Read a SQS Message which has details on the source file to be read - this is batched by another function
Query S3 using S3 Select to gather a limited set of results
Pass the string into the custom code and return JSON
Upload the processed data to S3
Delete the message from SQS to indicate success

The source for this can be found here.

Contain this

The Batch User Guide has a great example of building a Docker image and parallel running this across a number of jobs. I’ve used much of this to scaffold out the infrastructure I needed using CDK. This guide covers creating the image, pushing to ECR and the Job Definition you need to run jobs.

Using EC2 Spot instances is a great solution for this, this isn’t a mission critical or time sensitive job so I can get some significant savings by using Spot instances to run my containers. AWS Batch manages spinning up and down the compute environment when the jobs need to run so that I am only paying for running the jobs.

So a quick highlight of the some of the CDK code we need:

Create the IAM roles and permissions required

const batchServiceRole = new iam.Role(this, 'batchServiceRole', {
  roleName: 'batchServiceRole',
  assumedBy: new ServicePrincipal('batch.amazonaws.com'),
  managedPolicyArns: [
    'arn:aws:iam::aws:policy/service-role/AWSBatchServiceRole'
  ]
});

const spotFleetRole = new iam.Role(this, 'spotFleetRole', {
  roleName: 'AmazonEC2SpotFleetRole',
  assumedBy: new ServicePrincipal('spotfleet.amazonaws.com'),
  managedPolicyArns: [
    'arn:aws:iam::aws:policy/service-role/AmazonEC2SpotFleetTaggingRole'
  ]
});

const batchInstanceRole = new iam.Role(this, 'batchInstanceRole', {
  roleName: 'batchInstanceRole',
  assumedBy: new iam.CompositePrincipal( 
      new ServicePrincipal('ec2.amazonaws.com'),
      new ServicePrincipal('ecs.amazonaws.com')),
  managedPolicyArns: [
    'arn:aws:iam::aws:policy/AmazonS3FullAccess'
  ]
});

new iam.CfnInstanceProfile(this, 'batchInstanceProfile', {
  instanceProfileName: batchInstanceRole.roleName,
  roles: [
    batchInstanceRole.roleName
  ]
});

Note You need to create IAM Instance profile for the containers to execute under, just creating a role in CDK is not enough

Create the Batch Compute

const compEnv = new batch.CfnComputeEnvironment(this, 'batchCompute', {
  type: 'MANAGED',
  serviceRole: batchServiceRole.roleArn,
  computeResources: {
    type: 'SPOT',
    maxvCpus: 128,
    minvCpus: 0,
    desiredvCpus: 0,
    spotIamFleetRole: spotFleetRole.roleArn,
    instanceRole: batchInstanceRole.roleName,
    instanceTypes: [
      'optimal'
    ],
    subnets: [
      vpc.publicSubnets[0].subnetId,
      vpc.publicSubnets[1].subnetId,
      vpc.publicSubnets[2].subnetId
    ],
    securityGroupIds: [
      vpc.vpcDefaultSecurityGroup
    ]
  }
});

Important “instanceRole” should be the IAM Role Name, NOT the IAM Role ARN, if you get this incorrect you will end up with a “INVALID” Batch Compute Environment and need to fix the name and recreate it from scratch.

Create a Job Definition

new batch.CfnJobDefinition(this, 'batchJobDef', {
  jobDefinitionName: "s3select-dotnet",
  type: "container",
  containerProperties: {
    image: this.accountId + ".dkr.ecr.us-east-1.amazonaws.com/mjsdemo-ecr:latest",
    vcpus: 1,
    memory: 128,
    environment: [
      {
        name: "SQS_QUEUE_URL",
        value: sqsQueue.queueUrl
      },
      {
        name: "S3_QUERY_LIMIT",
        value: " LIMIT 10000"
      } 
    ]
  }
});

The nice thing here is that I can inject my SQS details from earlier on in the stack and pass them into the container as environment variables.

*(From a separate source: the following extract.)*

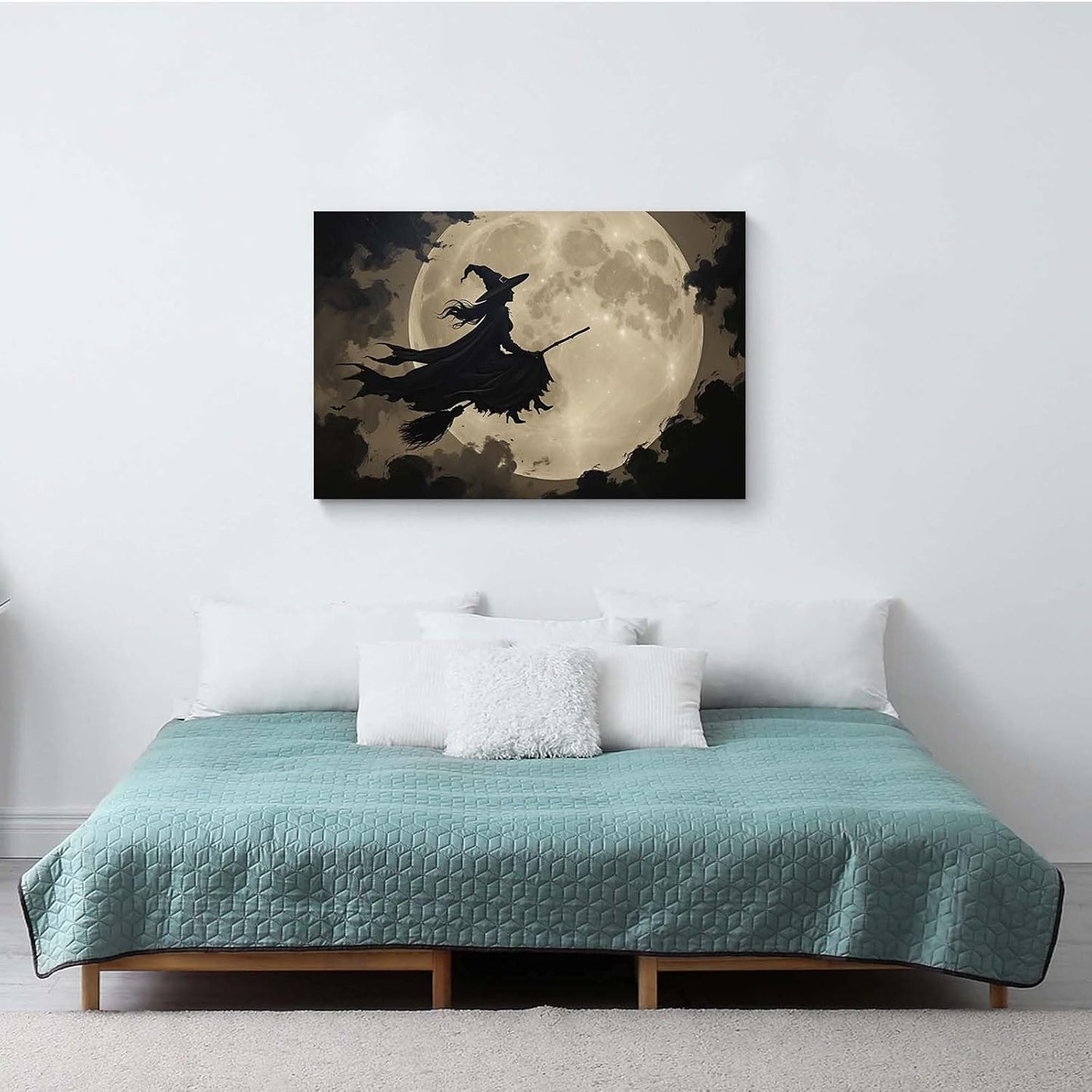 JFHCQJPK Full moon witch silhouette poster witch on magic broom Halloween mural poster decorative mural art suitable for home living room bedroom32x48in Frameless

Then I jump to the Console or CLI and submit my job, something like the example:

aws batch submit-job --job-name jobdemo --job-queue batchJobSpot  --job-definition s3select-dotnet --array-properties size=100 --container-overrides environment=[{name=S3_QUERY_LIMIT,value=2000}] --generate-cli-skeleton

There we have it

So taking a look at some CloudTrail logs our Spot instance details are: Start Time: 2019-06-11, 04:54:24 PM End Time: 2019-06-11, 05:04:49 PM Duration: 10 Min 25 Sec (625 Sec) Instance Type: c4.4xlarge Availability Zone: us-east-1a On Demand Price: 0.7960 Spot Price: 0.2526

On Demand Cost: 0.138194444444444 Spot Cost: 0.043854166666667 Saving: 0.94340277777777

Or to put it another way 68% reduction!

This might seem small change but for 100’s, 1,000’s and 10,000’s of job running over a month that small change will add up!

Written on June 10, 2019